On sensemaking in enterprise-architecture [4]

Link: http://weblog.tetradian.com/2011/11/20/on-sensemaking-in-ea-4/?utm_source=rss&utm_medium=rss&utm_campaign=on-sensemaking-in-ea-4

From Tom Graves / Tetradian

How do we make sense of uniqueness in enterprise-architecture? How do we support decisions at ‘business-speed’ – especially when the context is in part unique? And what architectural support do we need to provide for sensemaking and decision-making at business-speed?

In the first part of this series we looked briefly at uniqueness, and why it’s a crucial if often-forgotten aspect of enterprise-architecture.

In the second part we explored how sensemaking and decision-making change when time-available is squeezed down to business-speed, using the real-life case of US Airways Flight 1549 as a worked-example.

In the third part we reviewed some of the tactics used for sensemaking at ‘business-speed’, and why it differs from conventional ‘considered’ sensemaking.

In this final post for the series, we’ll look at how we can balance all the different sensemaking techniques in real-world business-practice, and the architectures that we’d need in place to support this.

Maintaining the balance in real-time

What came up from the previous post in this series – and perhaps even more from the post ‘Domains and dimensions in SCAN‘ – is that we have three distinct dimensions we’re dealing with in sensemaking:

modality – the extent of perceived ‘controllability’ versus ‘possibility and necessity’
available-time – the amount of time remaining before an action-decision must be made
repeatability – ability to reliably recreate the same perceived results

At the highest speed, just about all we’ll have time to see is the modality – in particular, whether it’s Simple (a true/false choice) or Not-simple (broader range of ‘possibility and necessity’):

As we saw in the third post in the series, we have known-tactics to work on either side of that split. The crucial concern is to use the appropriate tactics – which means we need to know which side of that Simple/Not-simple boundary we’re on.

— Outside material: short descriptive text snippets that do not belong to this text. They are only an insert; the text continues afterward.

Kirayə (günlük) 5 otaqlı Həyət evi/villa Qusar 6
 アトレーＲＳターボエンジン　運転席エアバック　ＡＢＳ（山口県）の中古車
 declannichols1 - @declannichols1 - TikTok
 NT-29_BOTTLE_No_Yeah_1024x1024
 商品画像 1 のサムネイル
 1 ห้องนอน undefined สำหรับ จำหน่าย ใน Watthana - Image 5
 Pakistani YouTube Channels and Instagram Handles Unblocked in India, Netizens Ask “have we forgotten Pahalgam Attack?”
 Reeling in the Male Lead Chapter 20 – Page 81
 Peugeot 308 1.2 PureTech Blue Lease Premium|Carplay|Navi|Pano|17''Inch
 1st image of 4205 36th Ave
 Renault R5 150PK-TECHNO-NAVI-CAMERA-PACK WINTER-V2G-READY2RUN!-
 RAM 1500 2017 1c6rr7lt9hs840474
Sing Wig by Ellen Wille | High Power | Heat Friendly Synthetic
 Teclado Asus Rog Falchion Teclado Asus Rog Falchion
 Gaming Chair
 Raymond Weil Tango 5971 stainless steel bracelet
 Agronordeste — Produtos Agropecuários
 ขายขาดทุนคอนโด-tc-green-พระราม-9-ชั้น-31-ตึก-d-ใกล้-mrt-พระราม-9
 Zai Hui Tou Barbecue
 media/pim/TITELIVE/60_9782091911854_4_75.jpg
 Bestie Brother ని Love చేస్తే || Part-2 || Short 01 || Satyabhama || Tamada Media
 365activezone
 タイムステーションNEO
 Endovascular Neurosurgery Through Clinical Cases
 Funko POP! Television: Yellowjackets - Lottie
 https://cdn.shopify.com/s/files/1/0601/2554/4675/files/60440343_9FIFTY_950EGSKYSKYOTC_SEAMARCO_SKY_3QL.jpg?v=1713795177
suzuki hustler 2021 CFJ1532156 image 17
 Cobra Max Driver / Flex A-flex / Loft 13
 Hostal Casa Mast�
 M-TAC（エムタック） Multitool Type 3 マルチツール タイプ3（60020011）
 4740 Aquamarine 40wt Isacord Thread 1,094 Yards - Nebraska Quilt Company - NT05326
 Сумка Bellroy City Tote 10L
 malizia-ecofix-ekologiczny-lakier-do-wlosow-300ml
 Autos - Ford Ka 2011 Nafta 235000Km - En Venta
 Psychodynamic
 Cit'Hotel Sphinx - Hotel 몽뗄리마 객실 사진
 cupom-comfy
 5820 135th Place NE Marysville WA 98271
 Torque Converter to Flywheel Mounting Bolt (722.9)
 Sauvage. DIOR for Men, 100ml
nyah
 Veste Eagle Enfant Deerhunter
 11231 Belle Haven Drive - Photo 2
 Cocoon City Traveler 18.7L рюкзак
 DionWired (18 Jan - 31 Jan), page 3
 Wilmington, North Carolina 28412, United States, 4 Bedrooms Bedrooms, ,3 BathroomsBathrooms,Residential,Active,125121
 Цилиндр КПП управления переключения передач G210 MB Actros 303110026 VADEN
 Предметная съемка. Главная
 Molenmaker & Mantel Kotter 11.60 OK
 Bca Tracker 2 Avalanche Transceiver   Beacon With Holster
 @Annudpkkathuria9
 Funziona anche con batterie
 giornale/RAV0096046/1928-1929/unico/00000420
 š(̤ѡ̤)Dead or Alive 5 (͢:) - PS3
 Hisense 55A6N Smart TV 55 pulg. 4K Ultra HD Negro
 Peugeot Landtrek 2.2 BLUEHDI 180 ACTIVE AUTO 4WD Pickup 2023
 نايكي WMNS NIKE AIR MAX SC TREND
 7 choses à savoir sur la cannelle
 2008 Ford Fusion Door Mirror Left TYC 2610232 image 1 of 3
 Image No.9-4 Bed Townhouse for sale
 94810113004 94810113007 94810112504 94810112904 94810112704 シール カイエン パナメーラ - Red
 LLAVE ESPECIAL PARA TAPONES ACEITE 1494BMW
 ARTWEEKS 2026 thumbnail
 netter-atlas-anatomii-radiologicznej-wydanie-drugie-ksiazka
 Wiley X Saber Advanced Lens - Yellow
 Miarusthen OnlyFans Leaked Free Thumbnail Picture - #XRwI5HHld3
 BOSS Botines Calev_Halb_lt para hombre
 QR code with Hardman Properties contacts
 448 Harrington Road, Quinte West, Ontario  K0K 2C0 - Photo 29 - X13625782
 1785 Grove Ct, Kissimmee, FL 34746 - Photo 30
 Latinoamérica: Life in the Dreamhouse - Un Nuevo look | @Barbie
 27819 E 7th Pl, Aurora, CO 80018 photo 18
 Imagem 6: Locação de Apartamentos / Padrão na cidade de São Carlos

The reason why this is important is that we also need to balance the variety in the system with reliability and repeatability of results. A Simple technique such as a predefined work-instruction allows for only a small amount of variety in the system – which is fine if there is only minor variety in the system. But if the variety, or uncertainty, is higher than the technique allows, we’re going to be in trouble – but given the limited perspectives of the technique, we may not even know it until too late, let alone how or why it failed. Conversely, using a Not-simple technique in a low-variety context is not only overkill – too many options! – but is probably less reliable as well. To summarise:

a Simple technique would give the most repeatable results in a low-variety context
a Simple technique is unreliable in a high-variety context
a Not-simple technique is overkill (‘too complicated! too ambiguous! too uncontrollable!’) in a low-variety context
a Not-simple technique is the only way to gain repeatability in a high-variety context

Another key trade-off here relates to skills and experience: any Not-simple technique is going to rely on skills and experience, whereas on the Simple side it usually won’t. (In fact that’s one of the reasons why it’s Simple: anyone or anything can do it, as long as they follow the same Simple rules.) We gain the best repeatability and reliability at the lowest effective cost by achieving and maintaining the right balance between Simple and Not-simple.

Yet in many real-world systems, or perhaps most, the effective-variety itself may change – sometimes even on a moment-by-moment basis. Which means that to gain that required repeatability and reliability, we need to be able to ‘move’ back-and-forth across that spectrum of modality, in line with the changes in variety. This can be tricky… – and especially so in a bureaucratic command-and-control context where everything ‘should’ be predictably Simple, but isn’t…

This is actually the role of sensemaking: identifying the variety in the context, and the nature of that variety. Once we’ve ‘made sense’ of what’s going on, we can then decide what to do about it – and do it. In most present-day business contexts, we need to be able to do this at ‘business-speed’ – in other words, fast. As a quick summary:

the moment we need to ‘make sense’ of something, then by definition we’ve moved over to the Not-simple side of the scale
we gain the best reliability and speed by pushing it back over to the Simple side
we maintain the best flexibility – but perhaps at a cost in required skill-level and ‘understandability’ – by holding it on the Not-simple side

(Note too that in skilled-work ‘Simple’ is often subjective, not objective: it’s experienced as ‘Simple’ by that individual – such as via ‘body-learning’ from long practice – but not necessarily ‘anyone can do it’ in the usual sense of “follow these step-by-step instructions in the manual”.)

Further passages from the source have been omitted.